■ GIVEN INFORMATION ■
------------------------------------------------

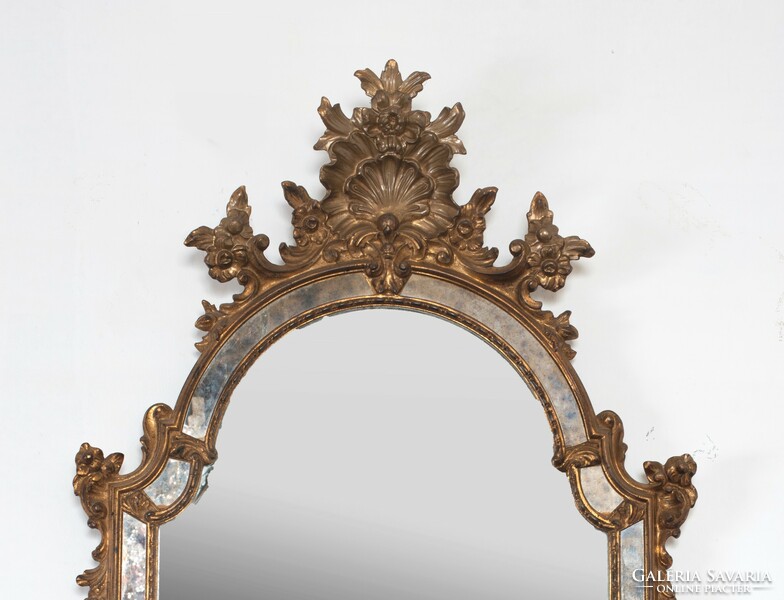Gilded wooden mirror decorated with plastic flowers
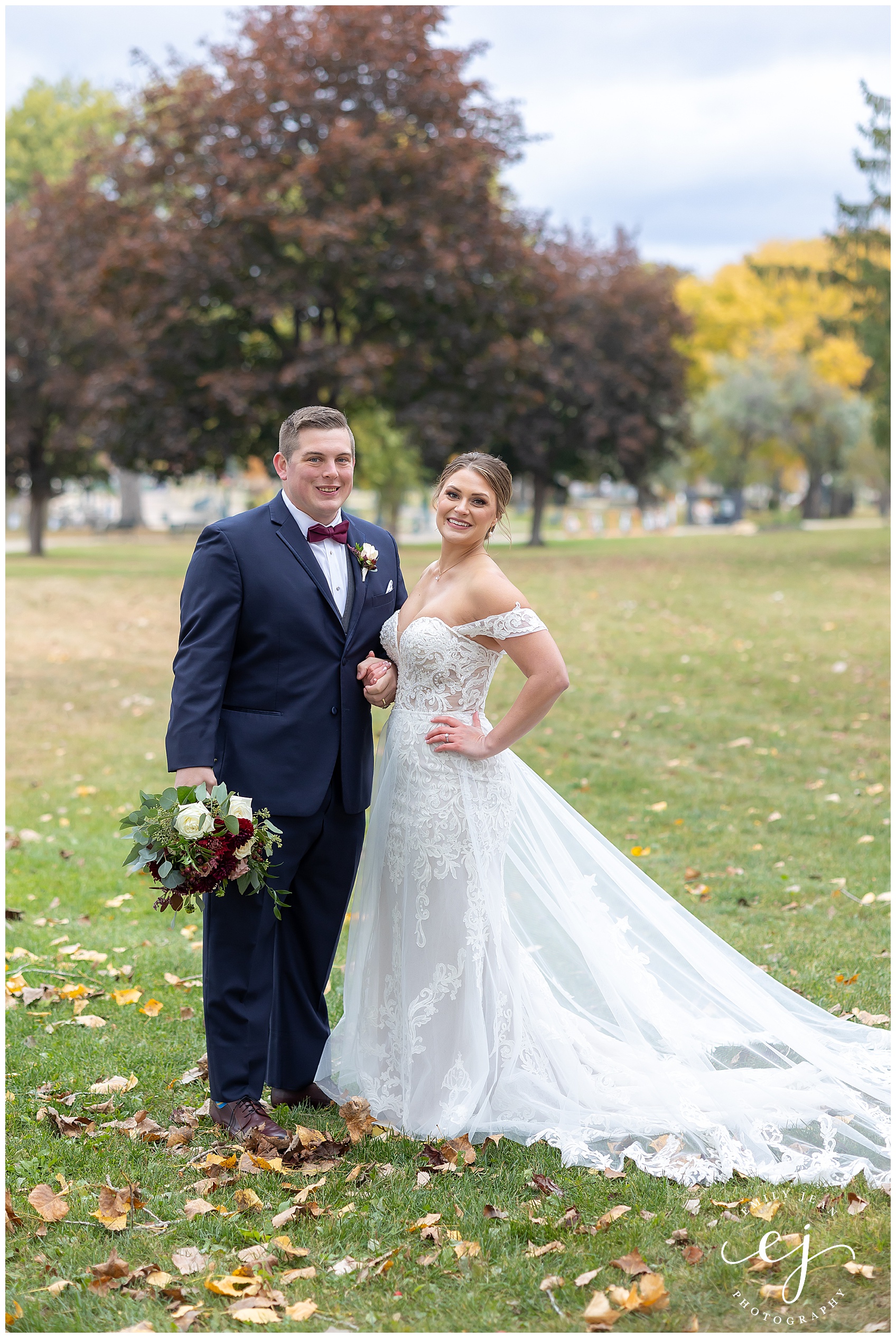 bride and groom posing in riverside park autumn wedding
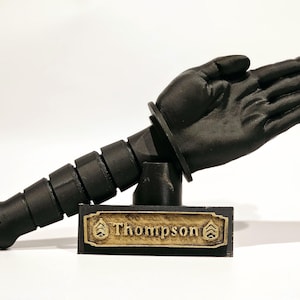 May include: A black 3D printed sculpture of a hand with a segmented arm attached to a base with a gold plaque that reads "Thompson".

------------------------------------------------

■ REQUIRED WORK ■
Set the entire listing down again, exact in every line, without any pictures.

■ RESPONSE AREA ■
Gilded wooden mirror decorated with plastic flowers
 bride and groom posing in riverside park autumn wedding
 May include: A black 3D printed sculpture of a hand with a segmented arm attached to a base with a gold plaque that reads "Thompson".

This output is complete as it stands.